### ABOUT THIS EXERCISE
Lines below starting with the line with "116 Forge Street" and going on through the line with "Andrew Tiger talking with student" must be output exactly; the rest of the records must be left out.

[Data items]
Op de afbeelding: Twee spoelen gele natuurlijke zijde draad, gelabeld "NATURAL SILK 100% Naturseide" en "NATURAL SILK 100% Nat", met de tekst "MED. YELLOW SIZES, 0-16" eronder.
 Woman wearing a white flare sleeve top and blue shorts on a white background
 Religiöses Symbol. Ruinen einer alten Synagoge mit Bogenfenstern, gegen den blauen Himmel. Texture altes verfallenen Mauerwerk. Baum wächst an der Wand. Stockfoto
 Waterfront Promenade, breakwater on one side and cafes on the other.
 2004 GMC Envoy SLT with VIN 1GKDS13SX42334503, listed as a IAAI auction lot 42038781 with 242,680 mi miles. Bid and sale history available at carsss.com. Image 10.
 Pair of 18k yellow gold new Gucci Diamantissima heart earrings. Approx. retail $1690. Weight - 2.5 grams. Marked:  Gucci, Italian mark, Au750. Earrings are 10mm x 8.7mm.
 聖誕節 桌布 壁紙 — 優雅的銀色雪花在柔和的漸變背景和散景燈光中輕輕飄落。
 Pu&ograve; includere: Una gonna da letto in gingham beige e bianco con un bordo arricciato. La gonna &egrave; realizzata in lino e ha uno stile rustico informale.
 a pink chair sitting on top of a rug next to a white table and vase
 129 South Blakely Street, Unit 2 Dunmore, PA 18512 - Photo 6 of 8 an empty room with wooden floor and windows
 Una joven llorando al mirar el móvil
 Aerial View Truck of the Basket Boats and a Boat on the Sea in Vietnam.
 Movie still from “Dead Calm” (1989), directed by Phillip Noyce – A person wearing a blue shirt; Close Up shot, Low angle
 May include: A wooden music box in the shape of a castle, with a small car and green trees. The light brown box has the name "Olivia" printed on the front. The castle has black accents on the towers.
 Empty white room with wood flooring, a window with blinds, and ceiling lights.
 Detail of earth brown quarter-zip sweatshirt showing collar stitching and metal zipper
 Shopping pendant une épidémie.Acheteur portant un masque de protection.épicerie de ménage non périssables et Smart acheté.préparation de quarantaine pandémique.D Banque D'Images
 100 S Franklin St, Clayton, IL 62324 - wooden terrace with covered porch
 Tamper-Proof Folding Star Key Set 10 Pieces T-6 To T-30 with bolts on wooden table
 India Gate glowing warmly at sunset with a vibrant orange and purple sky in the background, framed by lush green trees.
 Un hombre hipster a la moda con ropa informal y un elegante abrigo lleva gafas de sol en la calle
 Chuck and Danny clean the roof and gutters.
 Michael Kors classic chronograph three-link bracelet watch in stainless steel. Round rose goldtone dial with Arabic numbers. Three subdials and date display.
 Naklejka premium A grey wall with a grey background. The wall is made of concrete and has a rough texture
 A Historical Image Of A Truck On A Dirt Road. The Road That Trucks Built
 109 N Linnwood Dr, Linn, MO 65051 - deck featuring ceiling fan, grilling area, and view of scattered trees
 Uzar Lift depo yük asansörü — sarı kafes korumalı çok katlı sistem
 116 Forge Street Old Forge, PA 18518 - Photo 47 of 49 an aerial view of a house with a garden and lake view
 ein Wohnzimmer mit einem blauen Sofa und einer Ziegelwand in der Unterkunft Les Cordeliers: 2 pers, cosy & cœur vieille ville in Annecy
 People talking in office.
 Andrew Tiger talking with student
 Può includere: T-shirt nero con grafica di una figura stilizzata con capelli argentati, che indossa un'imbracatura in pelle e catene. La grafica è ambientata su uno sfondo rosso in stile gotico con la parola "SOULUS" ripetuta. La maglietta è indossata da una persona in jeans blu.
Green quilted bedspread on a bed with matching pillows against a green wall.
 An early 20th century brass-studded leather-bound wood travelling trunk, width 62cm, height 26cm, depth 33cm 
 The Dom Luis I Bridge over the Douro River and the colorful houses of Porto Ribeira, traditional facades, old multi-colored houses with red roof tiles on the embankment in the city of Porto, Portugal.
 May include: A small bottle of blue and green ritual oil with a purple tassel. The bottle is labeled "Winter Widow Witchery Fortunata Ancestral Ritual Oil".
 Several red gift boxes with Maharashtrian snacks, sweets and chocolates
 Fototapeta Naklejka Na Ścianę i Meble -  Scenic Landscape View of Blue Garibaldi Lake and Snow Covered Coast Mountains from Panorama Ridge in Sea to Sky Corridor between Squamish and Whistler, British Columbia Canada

### EXERCISE RESPONSE
 116 Forge Street Old Forge, PA 18518 - Photo 47 of 49 an aerial view of a house with a garden and lake view
 ein Wohnzimmer mit einem blauen Sofa und einer Ziegelwand in der Unterkunft Les Cordeliers: 2 pers, cosy & cœur vieille ville in Annecy
 People talking in office.
 Andrew Tiger talking with student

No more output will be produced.